Pastor Prasing zag het kerkelijk leven langzaam maar zeker afbrokkelen. Het Rijke Roomse leven, waarin iedereen als vanzelfsprekend van geboorte tot dood kerkelijk werd verzorgd in onderwijs, sport, vrije tijdsbesteding en levensoriëntatie begon barsten te vertonen. In zijn eigen familie merkte hij op dat zijn oma, in 1980 overleden, zich erg druk kon maken over het gegeven dat een achterkleinkind dat niet gedoopt werd. “Het ontkerkelijkingsproces zette zich gestaag door. Niet alleen hier, maar in het hele bisdom, onze kerkprovincie en heel West-Europa. De kloof tussen kerkelijke leer en leven enerzijds en het leven van alledag van ons mensen anderzijds wordt steeds groter en steeds minder overbrugbaar. Er zijn boeken vol geschreven over hoe dat komt en aan wie het ligt en hoe het beter en anders kan. Er is nog een lange weg te gaan naar een hartelijke, inclusieve, veelkleurige en op mensen betrokken kerk, die vooral luistert en niet voorschrijft.”

Jan den Reijer wist als bestuurslid van de PKC (Pastorale Kern Commissie) de gevoelens van de aanwezigen in zijn slotwoord goed te beschrijven: “het was een tijdperk waarin velen van ons hier gedoopt zijn, hun communie hebben gedaan en gevormd zijn. Kerkelijke huwelijken zijn voltrokken en jubilea gevierd. Er werd afscheid genomen van onze dierbaren.” Jan benoemde dat de gemeenschap al die jaren ook door vele vrijwilligers gedragen is: de mensen van het onderhoud en schoonmaken van het gebouw, de dames van de bloemversiering, de koren en de werkgroepen ter ondersteuning van het pastorale team.
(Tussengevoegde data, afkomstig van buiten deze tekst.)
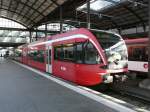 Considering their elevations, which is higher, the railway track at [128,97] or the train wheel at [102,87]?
the train wheel at [102,87]

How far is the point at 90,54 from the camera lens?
12562 mm

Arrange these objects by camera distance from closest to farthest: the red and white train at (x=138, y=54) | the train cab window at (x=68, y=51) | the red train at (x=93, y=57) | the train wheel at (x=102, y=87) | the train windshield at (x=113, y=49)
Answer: the red train at (x=93, y=57) < the train windshield at (x=113, y=49) < the train wheel at (x=102, y=87) < the train cab window at (x=68, y=51) < the red and white train at (x=138, y=54)

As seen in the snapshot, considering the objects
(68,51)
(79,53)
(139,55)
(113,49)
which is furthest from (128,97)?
(139,55)

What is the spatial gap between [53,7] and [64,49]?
22.1 meters

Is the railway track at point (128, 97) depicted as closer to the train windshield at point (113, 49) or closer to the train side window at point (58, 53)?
the train windshield at point (113, 49)

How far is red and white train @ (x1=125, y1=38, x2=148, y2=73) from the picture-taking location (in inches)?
752

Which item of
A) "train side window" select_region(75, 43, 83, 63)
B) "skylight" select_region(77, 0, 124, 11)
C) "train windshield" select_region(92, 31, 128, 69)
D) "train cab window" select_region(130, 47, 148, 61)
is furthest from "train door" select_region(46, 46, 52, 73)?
"skylight" select_region(77, 0, 124, 11)

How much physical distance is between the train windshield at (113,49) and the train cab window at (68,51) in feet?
5.93

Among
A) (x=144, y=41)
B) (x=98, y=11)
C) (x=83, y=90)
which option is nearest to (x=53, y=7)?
(x=98, y=11)

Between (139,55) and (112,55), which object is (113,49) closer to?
(112,55)

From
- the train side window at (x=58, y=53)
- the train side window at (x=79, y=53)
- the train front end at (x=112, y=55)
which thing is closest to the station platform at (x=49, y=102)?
the train front end at (x=112, y=55)

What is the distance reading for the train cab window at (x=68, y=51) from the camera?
1409 centimetres

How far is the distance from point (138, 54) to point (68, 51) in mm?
7175

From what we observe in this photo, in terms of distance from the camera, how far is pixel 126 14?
127 feet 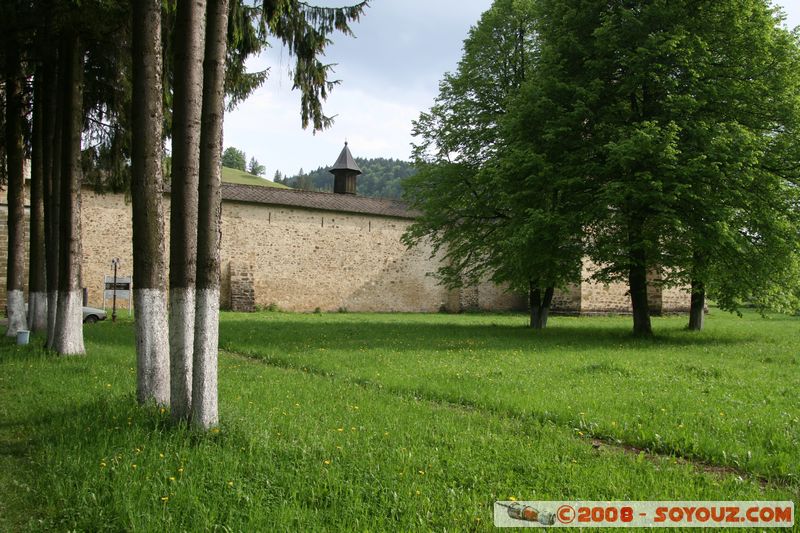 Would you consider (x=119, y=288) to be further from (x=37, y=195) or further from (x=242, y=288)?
A: (x=37, y=195)

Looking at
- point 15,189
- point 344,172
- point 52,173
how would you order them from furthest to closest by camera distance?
point 344,172 → point 15,189 → point 52,173

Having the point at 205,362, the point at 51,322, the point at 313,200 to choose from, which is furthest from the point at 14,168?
the point at 313,200

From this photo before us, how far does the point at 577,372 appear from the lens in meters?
8.48

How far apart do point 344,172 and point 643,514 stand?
33.7 metres

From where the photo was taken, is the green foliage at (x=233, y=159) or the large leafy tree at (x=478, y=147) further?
the green foliage at (x=233, y=159)

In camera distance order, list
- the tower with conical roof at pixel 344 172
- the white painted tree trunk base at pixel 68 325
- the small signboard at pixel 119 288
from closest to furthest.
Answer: the white painted tree trunk base at pixel 68 325, the small signboard at pixel 119 288, the tower with conical roof at pixel 344 172

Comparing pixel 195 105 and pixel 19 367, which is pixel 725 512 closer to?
pixel 195 105

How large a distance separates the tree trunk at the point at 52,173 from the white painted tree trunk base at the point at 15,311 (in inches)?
84.0

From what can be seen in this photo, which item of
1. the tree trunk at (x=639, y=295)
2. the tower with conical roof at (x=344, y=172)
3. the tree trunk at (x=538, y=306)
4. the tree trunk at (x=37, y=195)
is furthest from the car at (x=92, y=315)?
the tower with conical roof at (x=344, y=172)

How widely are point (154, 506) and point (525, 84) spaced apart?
43.1 feet

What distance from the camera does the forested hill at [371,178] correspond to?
95.4m

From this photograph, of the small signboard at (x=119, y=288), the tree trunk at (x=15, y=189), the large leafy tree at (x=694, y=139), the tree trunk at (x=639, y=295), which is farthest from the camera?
the small signboard at (x=119, y=288)

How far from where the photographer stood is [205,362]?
15.3 feet

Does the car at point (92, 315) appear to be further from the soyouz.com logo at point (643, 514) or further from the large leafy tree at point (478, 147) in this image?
the soyouz.com logo at point (643, 514) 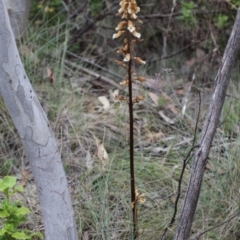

In de viering werden door pastor Prasing drie onderscheidingen uitgereikt. De organisten Gerrit van der Schouw en John van Opdorp kregen een gouden draagspeld van de Nederlandse Sint-Gregorius Vereniging met een aanhangsel met vermelding van aantal jaren (60 resp. 55 jaar). PKC bestuurslid Douwe van den Berg ontving de prachtige pauselijke onderscheiding Bene Merenti. Letterlijk: ” voor een verdienstelijk persoon” voor zijn oneindige inzet voor het bisdom en de geloofsgemeenschap in Lage Zwaluwe en in Zevenbergschen Hoek.

Hoe nu verder? Pastor Prasing: “Ieder van de aanwezigen zal daarin zijn eigen weg moeten vinden. Er zullen mensen zijn die zeggen dat het zo welletjes is. Er zijn er die nu al voor de tweede keer een kerksluiting meemaken. Er zullen hopelijk ook mensen zijn die wel graag de liturgie op zon- en feestdagen mee willen vieren. In de andere kerken van de Immanuel parochies is iedereen als kerkganger en vrijwilliger van harte welkom. In Zevenbergen en Fijnaart en ook in Oud Gastel en in de Basiliek. Het zal zeker niet vanzelf gaan om weer een kerkelijk thuis te vinden, maar probeer het, probeer de sfeer te proeven en probeer er langzaam maar zeker thuis te raken. Het zal niet één twee drie gaan, maar ik hoop dat u het wilt proberen.”